The most powerful weapon at your disposal for removing stress is appraisal. As we learned with the Evolutionary Theory of Emotion and Contemporary Model of Emotion earlier in the course, the critical aspect that causes emotion is APPRAISAL. Thus, re-appraisal is changing how you think about the stimulus, and thus change your emotions, including stress. For example, instead of seeing the quiz as a threat (and thus stress), see it as a challenge, or realize that one quiz is not going to make-or-break your grade, or realize all the quizzes you have taken in the past successfully, or even go into the quiz with an approach mindset (fight) rather than avoidance mindset (flight), and so forth. The same process works for re-appraising how you feel about your job (if you happen to not like it), or relationship troubles, and so forth. The reason I focused so heavily on “Appraisal” in past knowledge structures was so that you could have that knowledge now for this PMER.

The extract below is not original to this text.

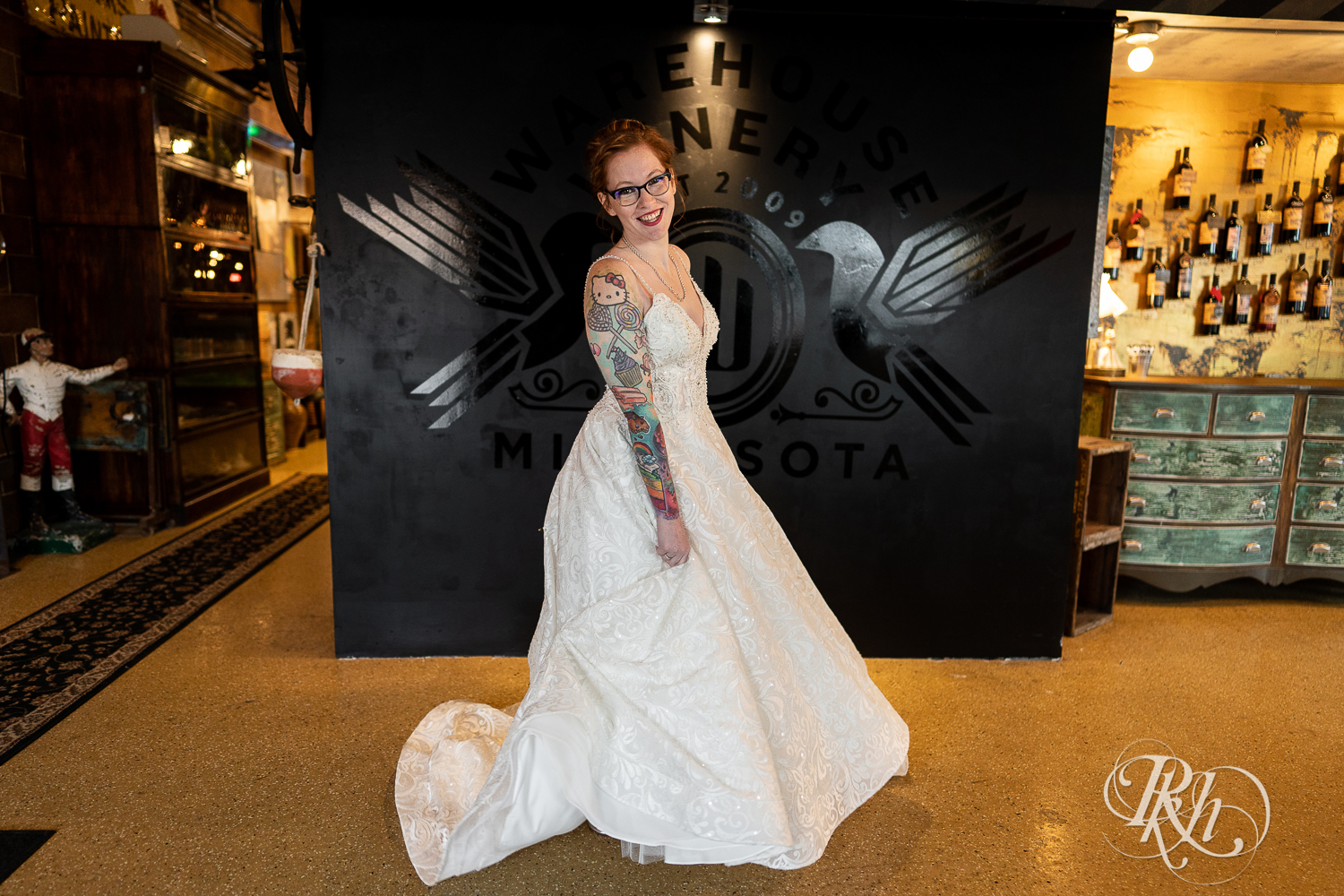 Tattooed bride with glasses smiling at Warehouse Winery in Saint Louis Park, Minnesota.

5. Response Modulation – If none of the steps have worked so far, then you can try Step 5 as a last resort, to try to diminish the emotion you are feeling.

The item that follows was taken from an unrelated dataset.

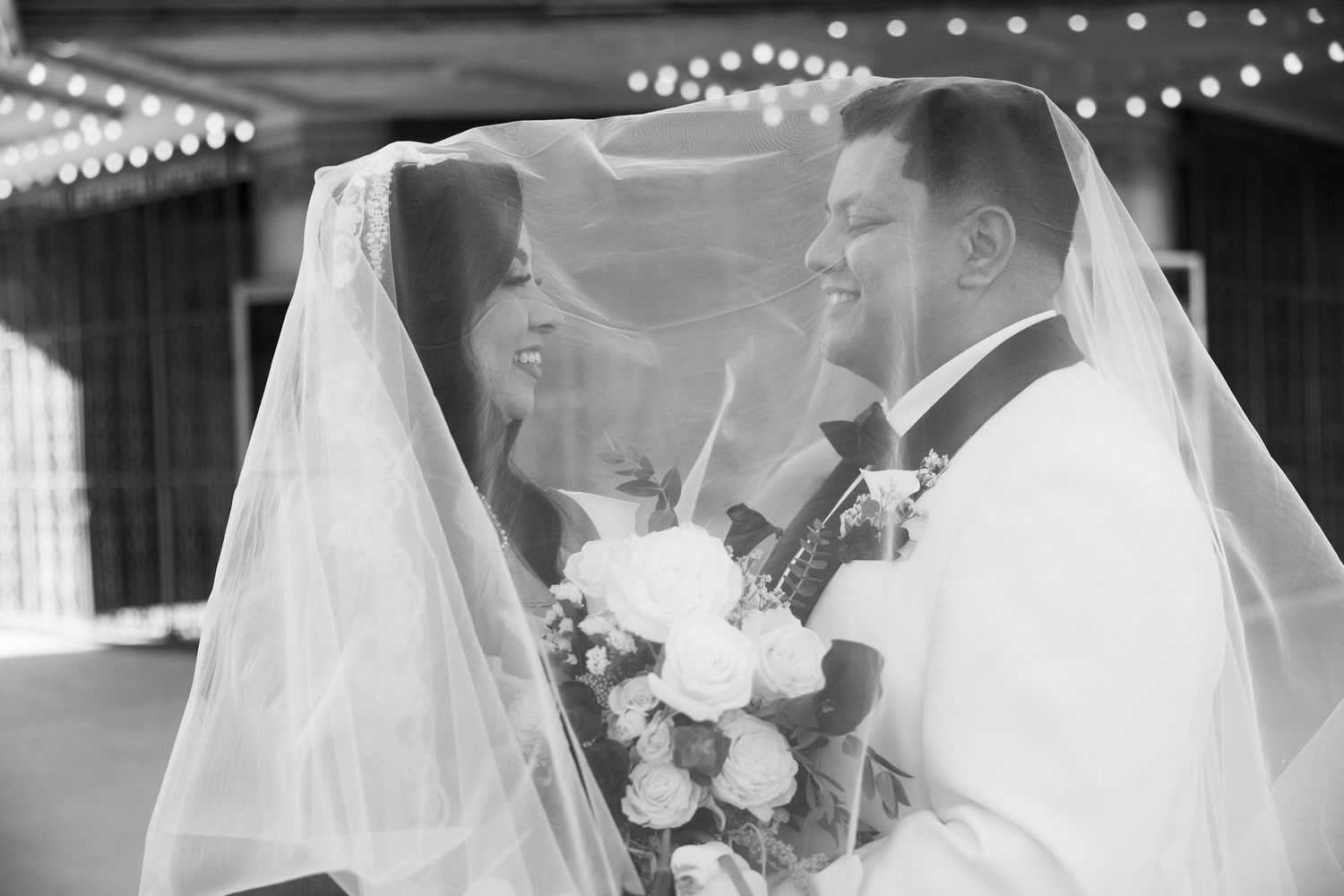 Black and white photo of bride and groom smiling under wedding veil, bride holding white bouquet.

At the end of this PMER model is Step 5, in which all the strategies to remove the stress have not worked (Steps 1 – 4), so now you are going to try to lower the stress in some way (Step 5), such as trying to suppress the stress, or venting, or inhibit yourself from crying, or substance abuse, and so forth. Some people at this stage also try exercising, because it can sometimes diminish the stress response. Some people also engage in destructive strategies at this stage such as drugs and alcohol to reduce the physiological symptoms of stress. Realize that if you are at Step 5, that means the Reaction has already occurred (within our model of Situation — Appraisal — Reaction). Thus, rather than trying to deal with the Situation (steps 1 & 2), or Appraisal (steps 4 & 5), you are now experiencing all the reactions such as physiological symptoms, behaviors, and emotions. Thus, the strategy for Step 5 is to try to deal with the physiological symptoms DIRECTLY, such as trying to remove the physiological symptoms. Notice, that is not as helpful as removing the actual thing that is stressing you (situation) or how you approach the stress (appraisal).